Il ruolo della Bce. Secondo Kraemer «la Bce ha adottato solide misure per evitare un significativo capovolgimento della crisi, e ha fortemente alleviato la crisi di finanziamento delle banche, ma la risposta dei leader europei alla crisi non è stata in grado di fronteggiare i rischi. La Bce sta usando la propria flessibilità. Al momento la Bce ha giocato nella crisi un ruolo costruttivo». Kraemer bacchetta invece i leader europei: il summit del 9 dicembre scorso non è stato una “frattura”, ha detto facendo riferimento alla «aperta e prolungata discussione tra i leader politici su quale fosse la politica più appropriata per risolvere la crisi finanziaria nell’eurozona.
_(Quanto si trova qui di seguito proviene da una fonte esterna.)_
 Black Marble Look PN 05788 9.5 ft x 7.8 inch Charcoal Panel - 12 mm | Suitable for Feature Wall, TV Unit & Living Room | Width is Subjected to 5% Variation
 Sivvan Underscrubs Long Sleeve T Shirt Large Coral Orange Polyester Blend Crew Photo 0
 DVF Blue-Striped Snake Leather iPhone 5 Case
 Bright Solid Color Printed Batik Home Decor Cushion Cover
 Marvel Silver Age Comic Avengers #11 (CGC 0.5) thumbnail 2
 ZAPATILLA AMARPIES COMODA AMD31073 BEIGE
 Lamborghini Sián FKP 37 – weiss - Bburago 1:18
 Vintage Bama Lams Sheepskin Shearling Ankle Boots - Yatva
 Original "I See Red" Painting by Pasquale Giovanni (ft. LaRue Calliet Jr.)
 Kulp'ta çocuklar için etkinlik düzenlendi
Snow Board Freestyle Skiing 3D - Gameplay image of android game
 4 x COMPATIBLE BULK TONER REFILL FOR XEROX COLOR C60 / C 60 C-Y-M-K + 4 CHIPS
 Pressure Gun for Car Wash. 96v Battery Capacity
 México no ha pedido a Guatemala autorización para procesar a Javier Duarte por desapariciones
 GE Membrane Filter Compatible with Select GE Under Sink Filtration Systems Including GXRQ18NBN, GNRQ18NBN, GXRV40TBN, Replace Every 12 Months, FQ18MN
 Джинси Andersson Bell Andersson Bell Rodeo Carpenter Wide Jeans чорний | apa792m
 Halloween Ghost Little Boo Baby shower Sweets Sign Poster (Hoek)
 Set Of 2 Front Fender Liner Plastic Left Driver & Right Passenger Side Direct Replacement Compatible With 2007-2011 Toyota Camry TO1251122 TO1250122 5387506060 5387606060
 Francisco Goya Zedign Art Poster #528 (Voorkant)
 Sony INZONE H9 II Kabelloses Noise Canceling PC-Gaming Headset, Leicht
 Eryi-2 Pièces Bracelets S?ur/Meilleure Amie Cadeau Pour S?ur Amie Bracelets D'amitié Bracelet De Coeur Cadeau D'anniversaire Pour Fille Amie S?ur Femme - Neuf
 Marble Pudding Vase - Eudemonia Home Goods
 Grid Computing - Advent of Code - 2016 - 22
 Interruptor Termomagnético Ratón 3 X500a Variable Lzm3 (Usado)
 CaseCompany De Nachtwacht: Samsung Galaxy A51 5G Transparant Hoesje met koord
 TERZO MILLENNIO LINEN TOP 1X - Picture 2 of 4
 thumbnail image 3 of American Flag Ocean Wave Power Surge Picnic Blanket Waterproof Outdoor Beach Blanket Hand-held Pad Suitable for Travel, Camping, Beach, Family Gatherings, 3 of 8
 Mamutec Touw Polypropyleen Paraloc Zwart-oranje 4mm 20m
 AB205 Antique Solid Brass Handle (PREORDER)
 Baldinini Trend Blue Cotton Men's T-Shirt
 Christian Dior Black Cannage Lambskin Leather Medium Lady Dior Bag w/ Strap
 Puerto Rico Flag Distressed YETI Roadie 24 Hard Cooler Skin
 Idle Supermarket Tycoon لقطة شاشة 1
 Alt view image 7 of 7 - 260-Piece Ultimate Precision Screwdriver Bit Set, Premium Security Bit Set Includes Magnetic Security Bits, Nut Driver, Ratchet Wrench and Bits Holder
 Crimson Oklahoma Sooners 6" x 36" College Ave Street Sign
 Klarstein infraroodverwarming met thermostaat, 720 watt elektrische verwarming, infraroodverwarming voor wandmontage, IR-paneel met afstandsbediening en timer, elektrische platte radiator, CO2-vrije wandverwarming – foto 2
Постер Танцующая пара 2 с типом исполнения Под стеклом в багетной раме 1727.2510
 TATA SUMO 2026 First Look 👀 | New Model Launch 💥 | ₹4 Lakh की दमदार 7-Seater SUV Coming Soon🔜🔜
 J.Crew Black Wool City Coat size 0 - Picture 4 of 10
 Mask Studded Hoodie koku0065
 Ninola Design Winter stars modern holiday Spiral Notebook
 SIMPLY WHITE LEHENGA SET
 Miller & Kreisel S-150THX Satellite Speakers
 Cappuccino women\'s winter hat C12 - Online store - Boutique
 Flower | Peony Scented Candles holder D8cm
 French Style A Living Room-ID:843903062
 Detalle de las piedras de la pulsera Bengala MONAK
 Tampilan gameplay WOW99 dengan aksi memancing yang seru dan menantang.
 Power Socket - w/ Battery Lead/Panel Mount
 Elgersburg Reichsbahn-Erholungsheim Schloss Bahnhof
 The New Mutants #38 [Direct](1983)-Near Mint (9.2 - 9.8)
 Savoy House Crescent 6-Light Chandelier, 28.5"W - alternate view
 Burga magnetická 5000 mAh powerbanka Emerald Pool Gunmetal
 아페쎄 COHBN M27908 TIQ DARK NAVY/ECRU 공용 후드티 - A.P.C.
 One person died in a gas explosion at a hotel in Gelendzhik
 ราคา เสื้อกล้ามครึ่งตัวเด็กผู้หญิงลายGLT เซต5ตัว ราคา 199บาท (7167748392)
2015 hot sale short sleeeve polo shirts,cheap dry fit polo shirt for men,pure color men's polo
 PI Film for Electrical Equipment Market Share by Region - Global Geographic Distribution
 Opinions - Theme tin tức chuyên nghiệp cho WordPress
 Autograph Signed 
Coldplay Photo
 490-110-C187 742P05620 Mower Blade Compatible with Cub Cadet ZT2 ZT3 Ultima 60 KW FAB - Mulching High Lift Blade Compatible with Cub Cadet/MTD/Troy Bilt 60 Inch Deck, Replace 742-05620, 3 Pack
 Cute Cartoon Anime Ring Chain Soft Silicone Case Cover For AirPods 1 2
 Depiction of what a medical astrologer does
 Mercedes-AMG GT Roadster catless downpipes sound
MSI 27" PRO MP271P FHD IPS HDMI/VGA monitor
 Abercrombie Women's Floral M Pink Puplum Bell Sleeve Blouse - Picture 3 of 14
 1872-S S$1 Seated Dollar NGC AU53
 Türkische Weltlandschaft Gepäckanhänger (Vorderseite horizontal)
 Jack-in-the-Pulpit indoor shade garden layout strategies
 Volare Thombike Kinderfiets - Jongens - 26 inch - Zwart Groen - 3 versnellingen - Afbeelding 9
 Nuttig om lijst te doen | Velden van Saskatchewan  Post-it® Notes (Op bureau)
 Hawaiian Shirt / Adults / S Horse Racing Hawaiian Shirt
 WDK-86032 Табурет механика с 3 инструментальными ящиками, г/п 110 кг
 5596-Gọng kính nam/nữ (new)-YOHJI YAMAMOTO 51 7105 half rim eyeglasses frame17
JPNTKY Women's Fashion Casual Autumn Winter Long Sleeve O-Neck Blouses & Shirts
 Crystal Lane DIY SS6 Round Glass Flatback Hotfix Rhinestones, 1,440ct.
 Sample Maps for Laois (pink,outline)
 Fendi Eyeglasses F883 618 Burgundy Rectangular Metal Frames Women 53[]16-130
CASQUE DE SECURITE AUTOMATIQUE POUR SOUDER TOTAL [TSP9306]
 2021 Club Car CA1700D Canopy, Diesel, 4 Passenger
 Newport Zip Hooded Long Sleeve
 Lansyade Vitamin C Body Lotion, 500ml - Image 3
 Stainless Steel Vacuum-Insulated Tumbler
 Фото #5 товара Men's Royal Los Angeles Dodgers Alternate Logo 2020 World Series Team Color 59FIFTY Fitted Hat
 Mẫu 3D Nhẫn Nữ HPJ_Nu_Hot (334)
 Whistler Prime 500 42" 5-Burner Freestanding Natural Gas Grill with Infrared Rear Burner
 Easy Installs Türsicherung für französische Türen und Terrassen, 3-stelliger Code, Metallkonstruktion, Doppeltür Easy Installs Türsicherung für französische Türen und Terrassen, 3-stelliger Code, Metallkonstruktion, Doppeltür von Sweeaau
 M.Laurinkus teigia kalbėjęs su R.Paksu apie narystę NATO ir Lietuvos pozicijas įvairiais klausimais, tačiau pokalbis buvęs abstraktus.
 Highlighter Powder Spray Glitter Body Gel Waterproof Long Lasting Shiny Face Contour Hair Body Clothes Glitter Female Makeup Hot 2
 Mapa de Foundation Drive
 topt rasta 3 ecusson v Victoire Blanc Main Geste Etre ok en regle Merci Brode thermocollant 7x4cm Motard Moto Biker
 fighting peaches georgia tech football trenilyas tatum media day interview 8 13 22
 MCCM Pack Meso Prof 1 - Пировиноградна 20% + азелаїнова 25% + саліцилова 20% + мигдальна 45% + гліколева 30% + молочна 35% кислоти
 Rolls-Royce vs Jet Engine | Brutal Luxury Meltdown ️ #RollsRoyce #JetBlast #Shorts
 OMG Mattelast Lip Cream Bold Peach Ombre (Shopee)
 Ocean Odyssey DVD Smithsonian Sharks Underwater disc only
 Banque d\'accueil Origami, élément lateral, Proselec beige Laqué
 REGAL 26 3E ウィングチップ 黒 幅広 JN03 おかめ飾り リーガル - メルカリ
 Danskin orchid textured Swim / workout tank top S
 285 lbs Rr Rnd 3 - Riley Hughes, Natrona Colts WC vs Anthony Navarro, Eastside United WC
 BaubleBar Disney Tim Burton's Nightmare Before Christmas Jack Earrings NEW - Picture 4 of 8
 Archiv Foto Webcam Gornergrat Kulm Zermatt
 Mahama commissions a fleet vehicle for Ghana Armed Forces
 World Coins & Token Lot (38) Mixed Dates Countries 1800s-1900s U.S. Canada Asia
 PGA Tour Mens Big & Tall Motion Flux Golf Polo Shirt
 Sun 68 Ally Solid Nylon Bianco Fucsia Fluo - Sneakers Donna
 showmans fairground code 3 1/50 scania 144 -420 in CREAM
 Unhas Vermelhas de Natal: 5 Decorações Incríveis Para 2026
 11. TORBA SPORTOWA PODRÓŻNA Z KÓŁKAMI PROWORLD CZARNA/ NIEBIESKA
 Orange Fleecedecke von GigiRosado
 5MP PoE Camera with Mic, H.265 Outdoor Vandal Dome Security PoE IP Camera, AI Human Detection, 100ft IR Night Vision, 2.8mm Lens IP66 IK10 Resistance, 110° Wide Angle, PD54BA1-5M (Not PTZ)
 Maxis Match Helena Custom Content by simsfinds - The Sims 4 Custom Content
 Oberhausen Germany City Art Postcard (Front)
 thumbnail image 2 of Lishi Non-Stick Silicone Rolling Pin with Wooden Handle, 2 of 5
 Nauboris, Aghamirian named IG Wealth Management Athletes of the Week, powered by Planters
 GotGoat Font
Ci sono grandi necessità di rifinanziamento mentre sono in atto tutte queste tensioni».
Spagna e Italia tra i Paesi più vulnerabili. Per Kraemer Spagna e Italia sono tra i Paesi più vulnerabili ai rischi sistemici, con la possibilità di un «immediato peggioramento» della situazione economica. Kraemer dà atto alla politica italiana di essere cambiata «in modo marcato sotto il nuovo governo, ma i progressi italiani non sono sufficienti a superare i venti contrari». Il rifinanziamento di Spagna e Italia è «oltre la portata del fondo Efsf», dice Kraemer, aggiungendo che «in condizioni normali» il debito dei due Paesi sarebbe gestibile.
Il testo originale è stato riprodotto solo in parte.